For a long time (much longer than I expected it would take) I've been working on a protobuf implementation in C that does not use Google's C++ implementation at all. I've been through about three rewrites and I finally have the interface right. I'm hoping it will be usable with Python soon (weeks).
(if anyone's looking at the code, I'm working on the src-refactoring branch at the moment)
The benefits of my approach are:
* you can avoid depending on a 1MB C++ library. upb is more like 30k compiled.
* you can avoid doing any code generation. instead you just load the .proto schema at runtime, so you don't have to get a C++ compiler involved.
* Google's protobuf library does have a dynamic/reflection option that avoids my previous point, but it is ~10x slower than generating C++ code. My library, last time I benchmarked it, was 70-90% of the speed of generated C++.

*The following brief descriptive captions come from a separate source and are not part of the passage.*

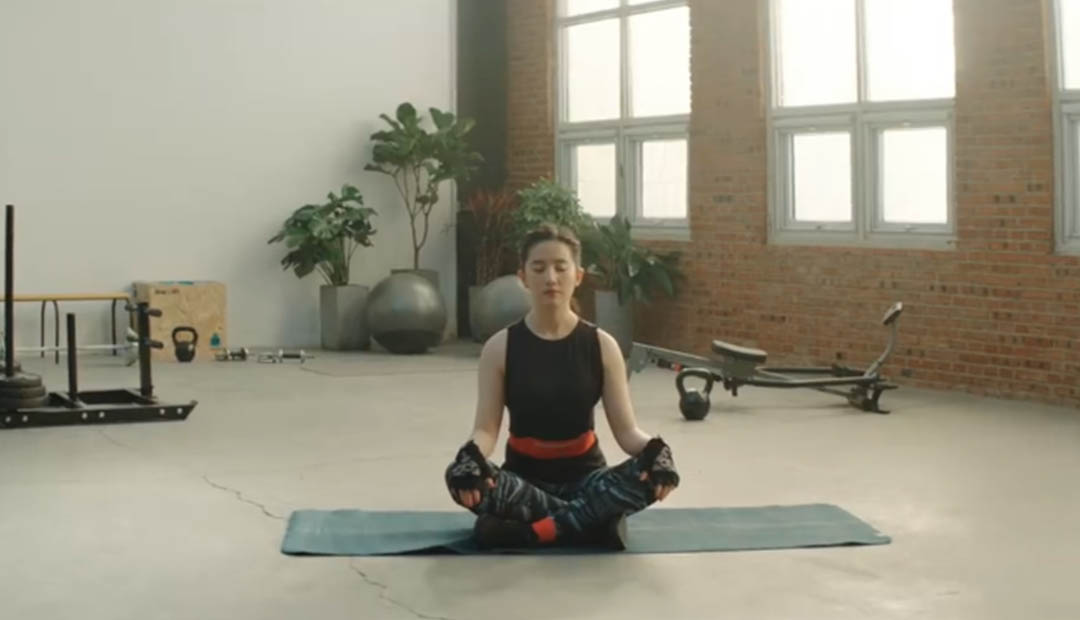 原创刘亦菲素颜健身,激烈高抬腿后安静打坐,一静一动美不胜收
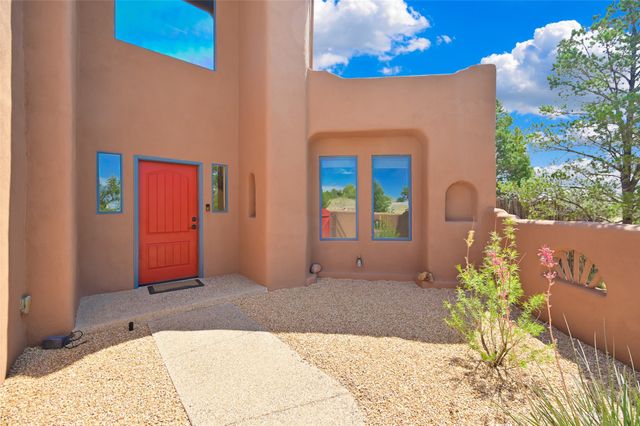 5 Sombra Court, Santa Fe, NM 87508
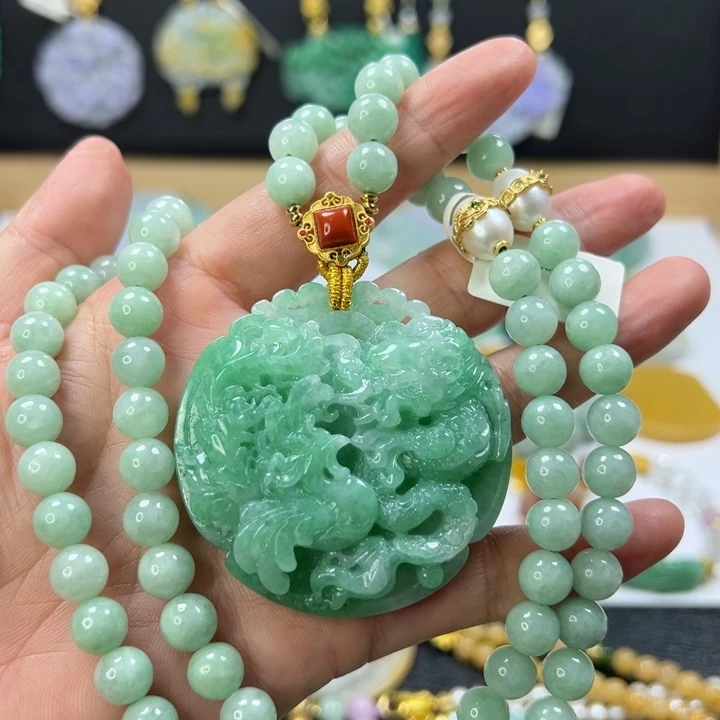 颈饰未镶嵌翡翠吊坠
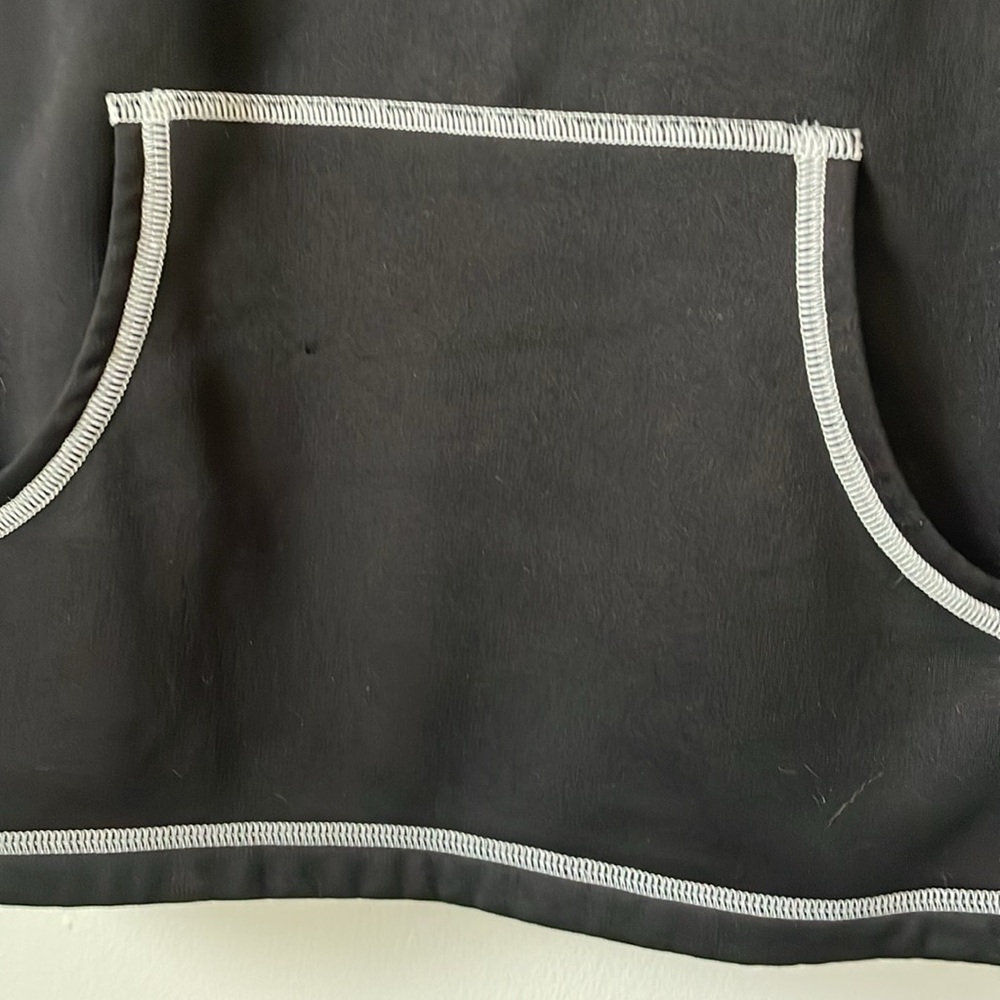 Black Fila with partial zip front size M 💯 polyester - Picture 5 of 9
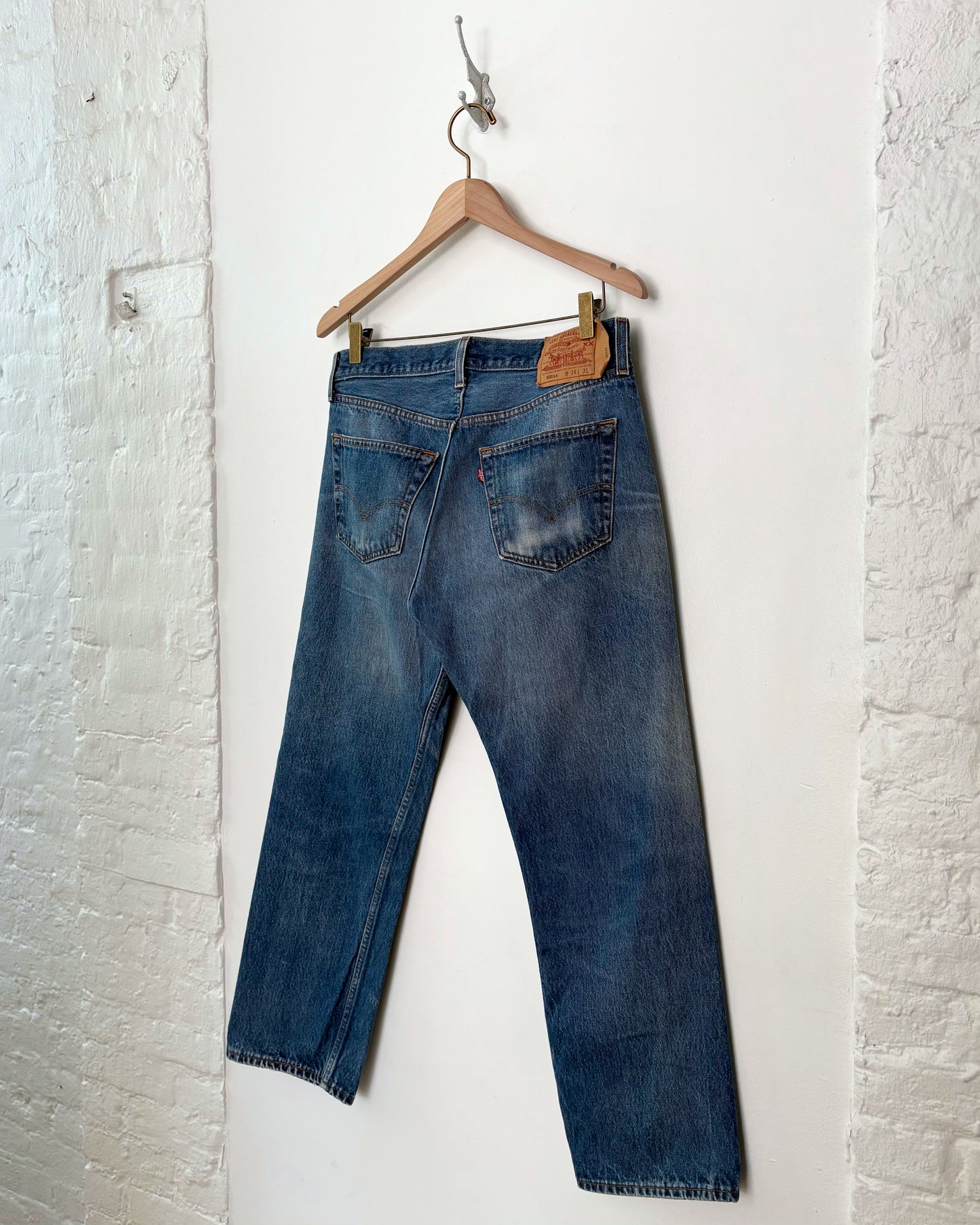 Vintage Levi's 501xx (32x28)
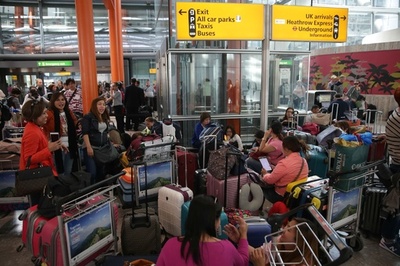 英航空会社でITシステム故障、ロンドン2空港発の全便運航中止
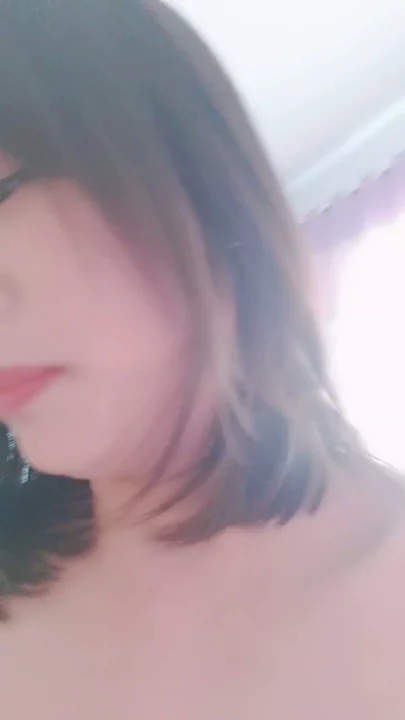 Screenshot 13 from Amateur en POV — Une salope asiatique montre son visage et se doigte sa chatte trempée avec un partenaire hors champ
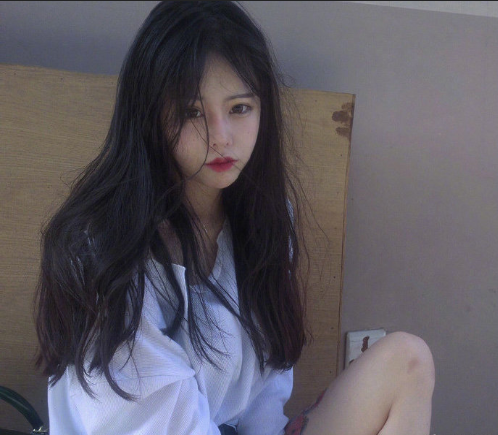 蓬松的大卷发美女图片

I read through your upb code about 3-4 months ago, was initially impressed, but couldn't get the Python extension to work. Certain abstractions really lost me, like pushing and pulling between sources and sinks. Why not just let a top-level event loop run the show in terms of buffered reads and size calculation for writes? But maybe you've refactored since.
Sorry, I should be clearer about the current state of the code, which for the Python extension is: currently completely broken. Since I was focusing on the core interfaces, the more peripheral pieces (like the language extensions) are totally broken at the moment.
> Certain abstractions really lost me, like pushing and pulling between sources and sinks.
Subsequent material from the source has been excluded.